2) But mortgaged ownership falls below 30%
The picture changes again if you look at the proportion of households in each tenure rather than the number. The survey shows that the owner-occupation rate fell to 62.9%, the lowest it’s been since 1985, while private renting rose from 19.0% to 19.9% and social renting fell slightly to 17.2%. Decline abated? Not so much.
And if you break owner-occupation down further you can see what’s happening. The proportion of outright owners is still rising (to 33.9% in 2015/16) as older owners pay off their mortgages. However, the proportion of households buying with a mortgage fell to just 29%. That’s probably the lowest it’s been since the 1970s. The mortgaged ownership rate peaked at 43% in the early 1990s but anyone who took out a loan then is just about paying it off now.
These two graphs for London and outside London show the more detailed pattern:
Note that if you break housing down into four tenures, private renting overtook buying with a mortgage to become the biggest tenure in London in 2013/14. However, note too that the decline in buying with a mortgage has been even steeper outside the capital: from 43.4% as recently as 2003 to just 29.5% in 2015/16. Outright ownership became the biggest tenure outside London in 2012/13.
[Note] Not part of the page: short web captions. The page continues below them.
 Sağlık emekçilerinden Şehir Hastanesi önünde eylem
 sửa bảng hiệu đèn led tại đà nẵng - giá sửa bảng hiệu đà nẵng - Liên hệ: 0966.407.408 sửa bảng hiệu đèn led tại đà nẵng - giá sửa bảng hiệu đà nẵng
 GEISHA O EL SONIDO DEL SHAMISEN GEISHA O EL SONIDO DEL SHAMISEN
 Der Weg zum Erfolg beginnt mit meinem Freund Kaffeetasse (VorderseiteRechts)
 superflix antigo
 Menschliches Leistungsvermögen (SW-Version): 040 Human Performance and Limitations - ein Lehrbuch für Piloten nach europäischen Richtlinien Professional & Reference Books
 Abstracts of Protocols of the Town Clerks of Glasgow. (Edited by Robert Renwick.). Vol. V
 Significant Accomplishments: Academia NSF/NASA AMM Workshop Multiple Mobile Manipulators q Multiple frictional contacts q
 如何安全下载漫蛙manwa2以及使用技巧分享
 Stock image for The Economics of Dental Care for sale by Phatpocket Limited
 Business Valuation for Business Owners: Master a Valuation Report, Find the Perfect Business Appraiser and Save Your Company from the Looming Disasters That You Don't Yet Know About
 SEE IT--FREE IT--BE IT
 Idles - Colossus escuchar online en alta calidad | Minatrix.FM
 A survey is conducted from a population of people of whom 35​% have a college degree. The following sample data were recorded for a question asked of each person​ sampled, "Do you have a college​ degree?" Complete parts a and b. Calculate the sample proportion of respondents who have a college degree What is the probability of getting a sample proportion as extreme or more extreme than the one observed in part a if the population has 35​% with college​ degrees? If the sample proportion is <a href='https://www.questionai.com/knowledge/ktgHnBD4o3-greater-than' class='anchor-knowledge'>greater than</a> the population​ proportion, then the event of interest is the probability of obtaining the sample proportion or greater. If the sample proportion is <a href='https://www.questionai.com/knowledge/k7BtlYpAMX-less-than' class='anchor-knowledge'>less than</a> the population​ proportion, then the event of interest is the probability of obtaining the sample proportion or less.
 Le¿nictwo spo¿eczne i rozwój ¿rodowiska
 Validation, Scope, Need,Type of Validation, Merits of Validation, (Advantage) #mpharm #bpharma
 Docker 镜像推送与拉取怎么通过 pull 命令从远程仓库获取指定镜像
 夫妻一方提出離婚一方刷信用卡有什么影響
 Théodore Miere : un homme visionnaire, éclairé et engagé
3) Some hope for Generation Rent?
It’s not all bad news for young people who feel priced out of buying. The English Housing Survey also shows that the number of first-time buyers rose 16% to 654,000 in 2015/16. Overall that’s the highest it’s been since the financial crisis but the good news only applies outside London: the number of successful first-time buyers in the capital fell again to just 114,000.
This could show that all the loans and guarantees ploughed into Help to Buy are having some impact. The owner-occupation rate for households aged 25-34 rose again for the second year in succession:
And this was also reflected in an increase in the proportion of 25-34s who are buying with a mortgage to 34.7%. The celebrations may be muted though: as recently as 2007/08 more than half of this key age group had a mortgage and in 2015/16 46% of them were private renters.
The mortgage ownership rate fell again in 2015/16 for every other age group and the private renting rate rose. Was Help to Buy filling a leaking bucket?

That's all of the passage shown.